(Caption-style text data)
------------------------------------------------------------
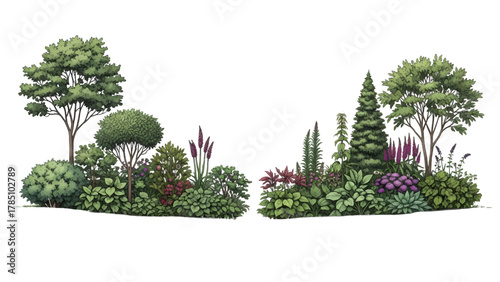 Vector illustration of a lush garden bed with various plants, trees, and flowers on a white background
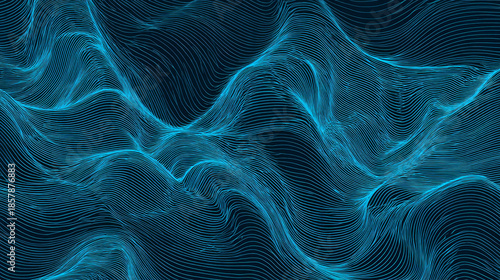 Abstract wavy linear background featuring outline-style random chaotic lines, creating a creative and quirky vector illustration with flowing wave patterns.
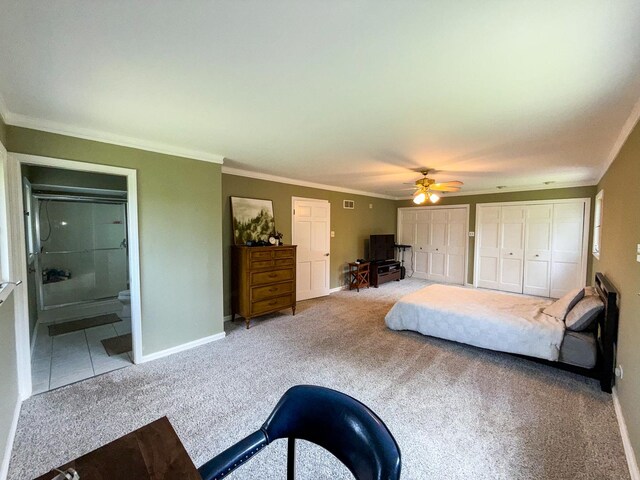 12533 S Iroquois Rd, Palos Park, IL 60464 - bedroom featuring carpet, two closets, baseboards, ensuite bathroom, and crown molding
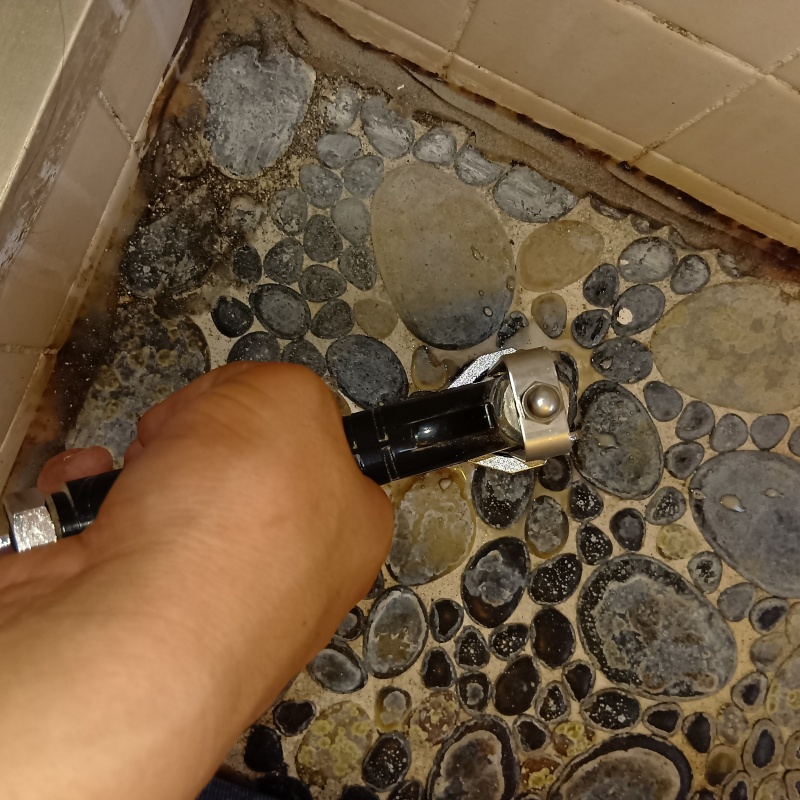 浴室の床タイルに防蟻剤を注入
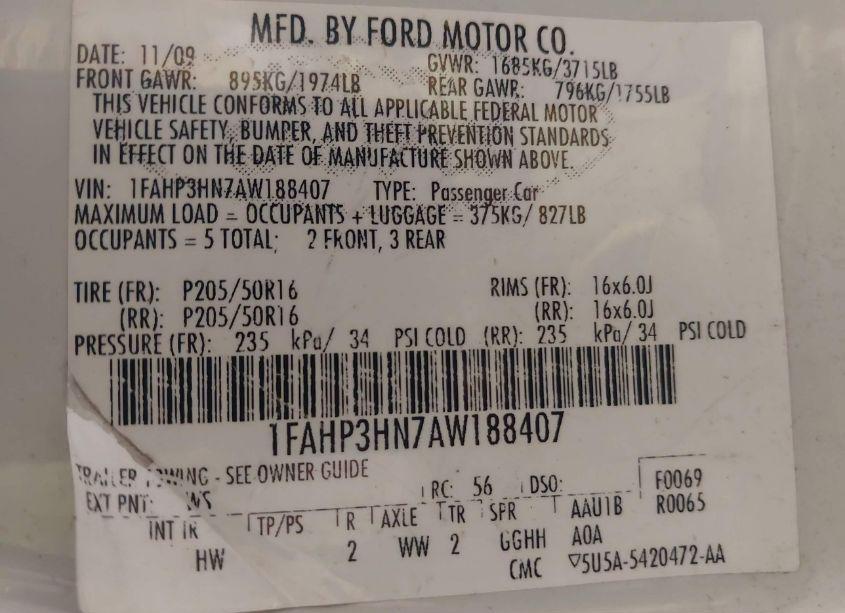 Photo 9 of 2010 Ford Focus SEL (VIN 1FAHP3HN7AW188407)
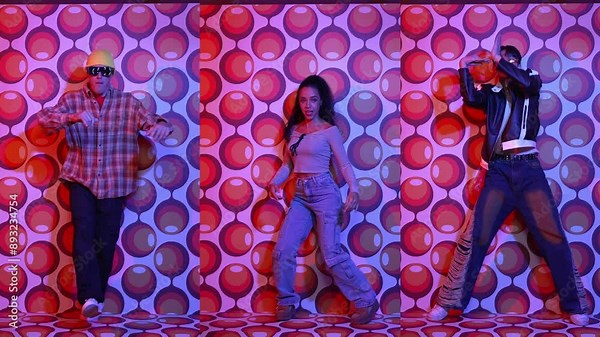 Happy multicultural dancer dancing together at party stage with balloon background while looking at camera. Smart hipster group moving to music and practicing street dancing. Full body. Regalement.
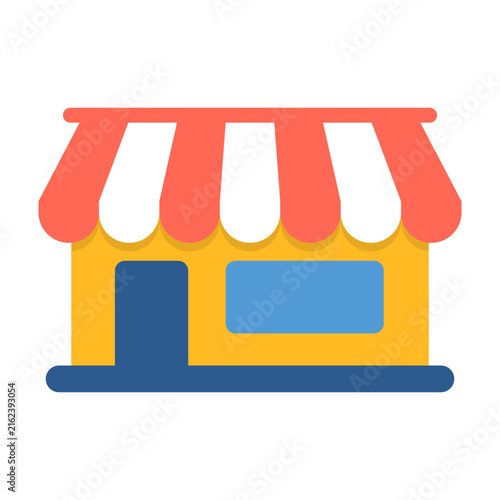 Small retail shopfront marketplace symbol isolated on white background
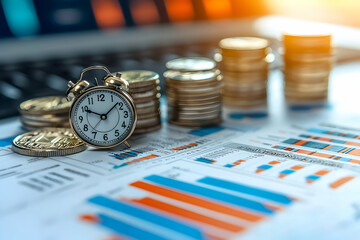 Poster - Time is Money Financial charts, coins, clock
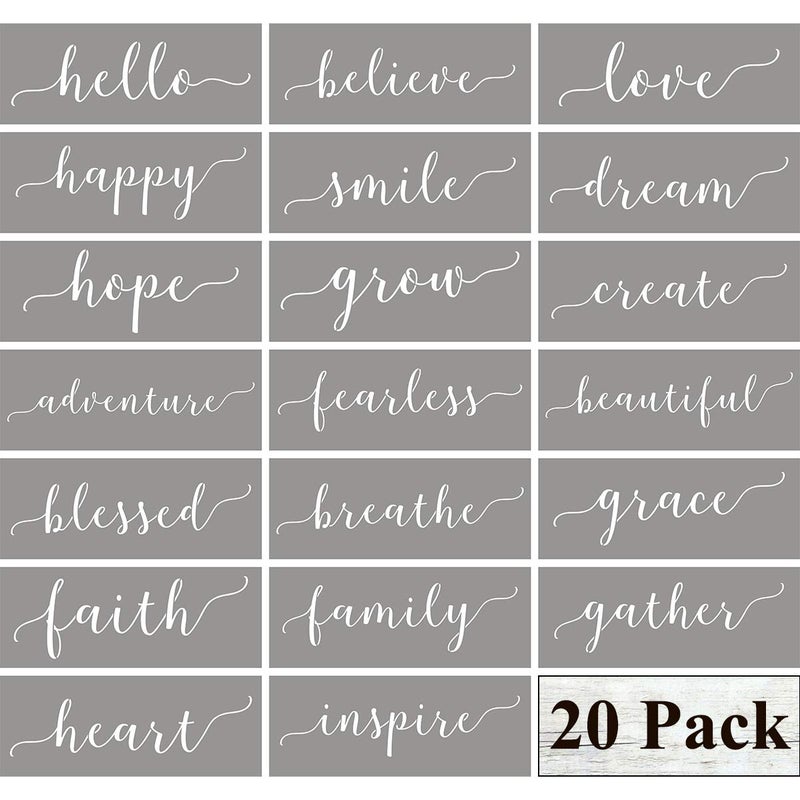 REOLAN Inspirational Stencils for Painting on Wood - 20 Pack Large Inspirational Words Saying Stencil Templates for Wood Signs, Reusable Family Motivational Letter Stencils for Wall Art & Home Decorations - Image 1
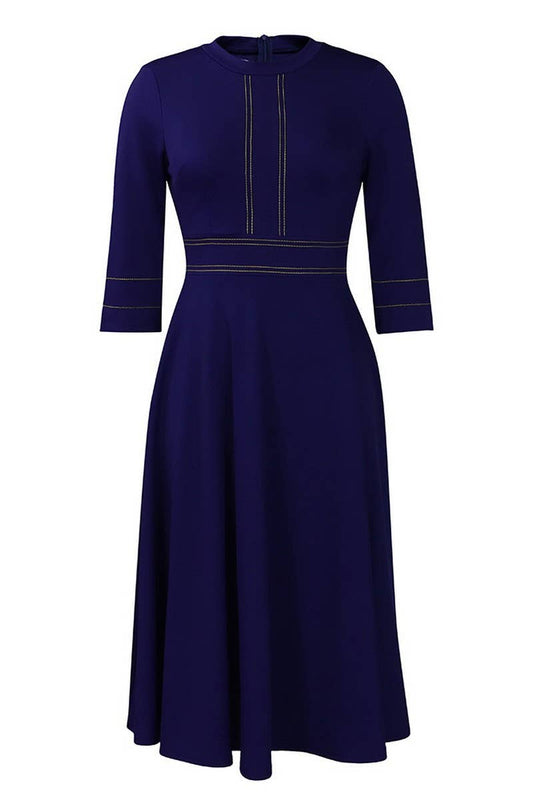 CWDMD01257_PLUS SIZE WOMEN STAND COLLAR PARTY SWING DRESS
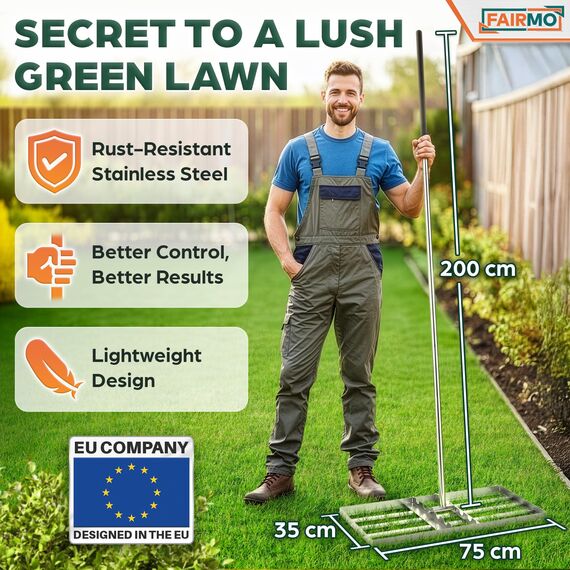 Der handliche Rasen Rakel Edelstahl (75x35 cm) von Fairmo [für sattgrünen Rasen] - Rakel für Rasen inkl. 2 Meter Stiel - Rasenpflege mit Nivellierrechen - Rasenrechen breit Sanden
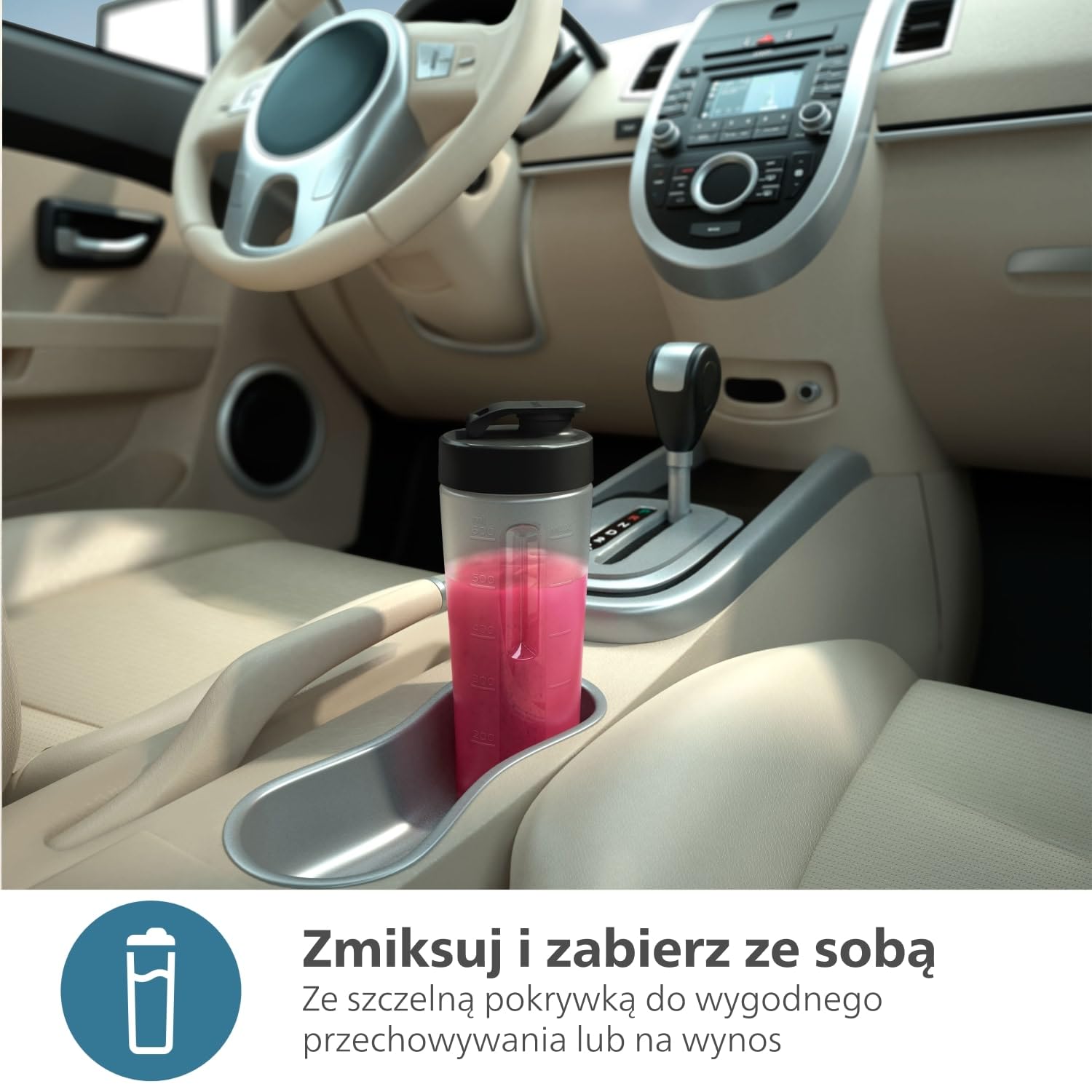 Philips Blender z serii 5000 – o mocy 800 W, Technologia ProBlend Plus, Odłączane ostrza, Łatwy do czyszczenia Elegancki i kompaktowy design, Duży kielich, Czarny i stal nierdzewna (HR2764/00)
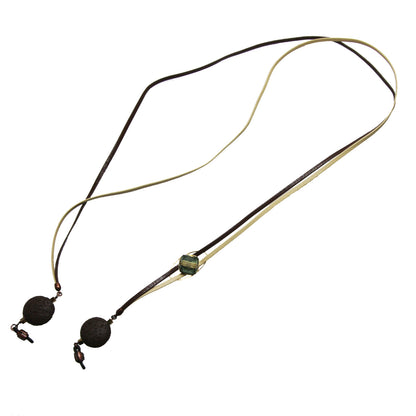 眼鏡コード 水引 2連 革紐 黄緑 TAMARUSAN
------------------------------------------------------------
EXERCISE GOAL ▸ The required output is the exact run of lines from the start of the records through the line containing "Happy multicultural dancer", both ends included, with no pictures.

RESULT OF THE TASK ▸
 Vector illustration of a lush garden bed with various plants, trees, and flowers on a white background
 Abstract wavy linear background featuring outline-style random chaotic lines, creating a creative and quirky vector illustration with flowing wave patterns.
 12533 S Iroquois Rd, Palos Park, IL 60464 - bedroom featuring carpet, two closets, baseboards, ensuite bathroom, and crown molding
 浴室の床タイルに防蟻剤を注入
 Photo 9 of 2010 Ford Focus SEL (VIN 1FAHP3HN7AW188407)
 Happy multicultural dancer dancing together at party stage with balloon background while looking at camera. Smart hipster group moving to music and practicing street dancing. Full body. Regalement.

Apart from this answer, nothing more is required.